My Linux Story

I know that Apple is enjoying a surge in its user base these days and gaining new fans all the time, but not me. I’m a corner case when it comes to Proprietary computers. I’m that zealot user always quoted by the fanboys who insists on owning FREE (as in LIBERTY) and OPEN software. I’ve been using Linux for over a decade now and consider myself a pretty savvy computer user. I use Windows every day at work and have to suppress my swearing at it all the time. I’ve owned a Macbook laptop for six years so I’ve seen what OS X has going for it. I know the competition and I know the alternative and this user is always going to go with the alternative.

I rarely trust anyone’s opinion on operating systems who has only used Windows or only used OS X and never used a modern Linux distribution on a regular basis. Because they just don’t have enough time on Linux to have formed their own opinion. Most people will repeat FUD (Fear, Uncertainty and Doubt) that either Apple or Microsoft champions have been repeating ad-nausea for decades. Which I can totally understand. I mean who the hell has the time to reformat their everyday computer and learn something new and different? Well, I had the time. But that was long ago and far away.

When I took the time to learn something different it was because my current OS was just not working at all. I was running Windows 95 and OS-2 Warp at the time. Both OSes were new and shiny but neither one was perfect. Windows 95 was prone to crashing whenever I used it too hard. As in building huge, static web sites or writing a several hundred page novel. OS-2 Warp was more stable, but had no programs. Dissatisfied with both choices, I decided to spring for a boxed version of Red Hat Linux, desperate to find an OS that worked.

I had an extra PC and decided to load Red Hat on it to test it out. But I couldn’t get it to work. Worse than that, I found that all of my DOS knowledge was useless on a Unix variant. I soon realized that I would have to learn Unix if I were going to get it loaded. That was a huge road block that nobody I knew at the time was willing to push through. Seriously? Read books and learn all kinds of obscure commands just to make the OS useful? Hell no! Who has the time for that nonsense? I did. You see, nothing I had was working for me. I had a reason to leave.

Needless to say, I did make a concerted effort to learn Linux from the terminal up. It was not easy. I had to seek out other nerds to help me. But do you know what I found when I went looking for help? I found a community of shinning people who were eager to show me the ropes and to have me learn their obscure terminal commands. I found Linux User Groups or LUGs to help me get over that steep learning curve. It was at one of these LUGs that I began to learn about why Linux existed. Turns out there was a whole subtext to it that was fascinating and that I had never heard of before. I began reading such subversive books as The Cluetrain Manifesto and Rebel Code; histories of the Free Software Movement and Linux. Only then did I start to realize how powerful the free and open solutions could be. I’ve been a supporter of these ideals ever since.

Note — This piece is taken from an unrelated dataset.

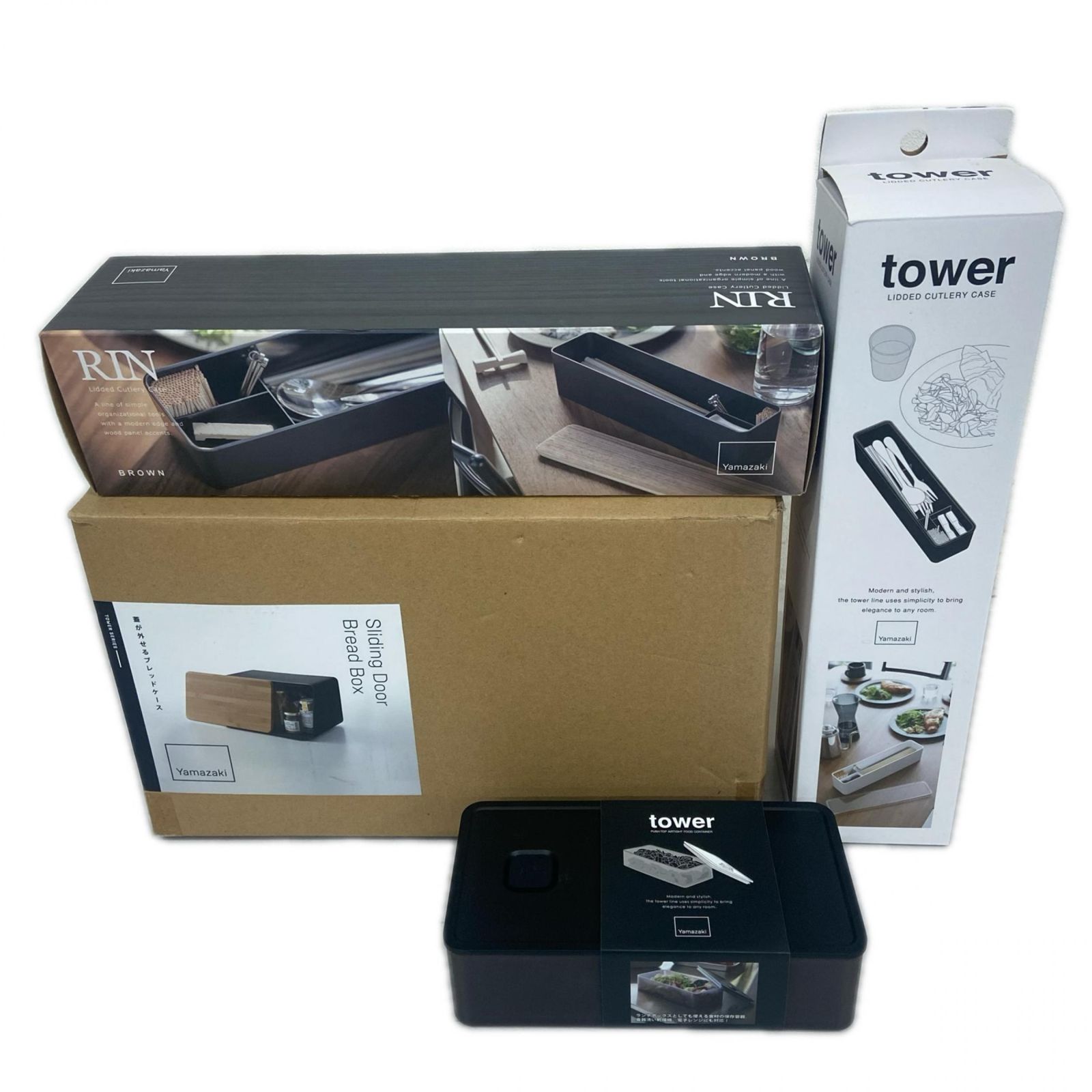 8Z036 tower RIN キッチン用 ケース まとめ カトラリーケース ブレッドケースカトラリー 新古品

These days people don’t have a reason to change operating systems. Windows and Mac OS just work. In fact, they work so easily, in most cases you can jump from one to the other and never miss a beat. So why would anyone ever bother to learn a third OS? Especially, if all those horrible FUD stories are true. Linux is for nerds and it’s hard to use and it doesn’t run software that I’m familiar with, there are no games and you have to build programs from scratch to use them, oh the humanity! It’s no wonder that people are scared to death to even try Linux these days.

Which is really ironic to me. Do you know why? Because all of those things are false now. Linux is not just for nerds anymore. It’s easier to install than Windows. Many of the programs you are familiar with either have Linux equivalents or have Linux versions and the way you load them on the OS is the exact same way you load them on OS X. Through a software store. Don’t tell anyone but Steam is coming to Linux soon and more game vendors are coming to the platform than ever before. So what exactly was that reason you were so afraid of before?

I’m not saying that everyone should turn in their Macs or reformat their Windows machines to run Linux. We all need to use what we like and what we are familiar with. But before you spread the FUD about Linux, you had better be prepared to try it out first. Because if you don’t, people like me will always laugh at your ignorance. At the very least, take the time to read The Cluetrain Manifesto or Free for All or Rebel Code. Understand why someone would want to use an Open system. You may start to second guess your own choice in OS. But probably not. What is more likely, is that you will respect my decision to run Linux and stop spreading the FUD, and that would be just awesome.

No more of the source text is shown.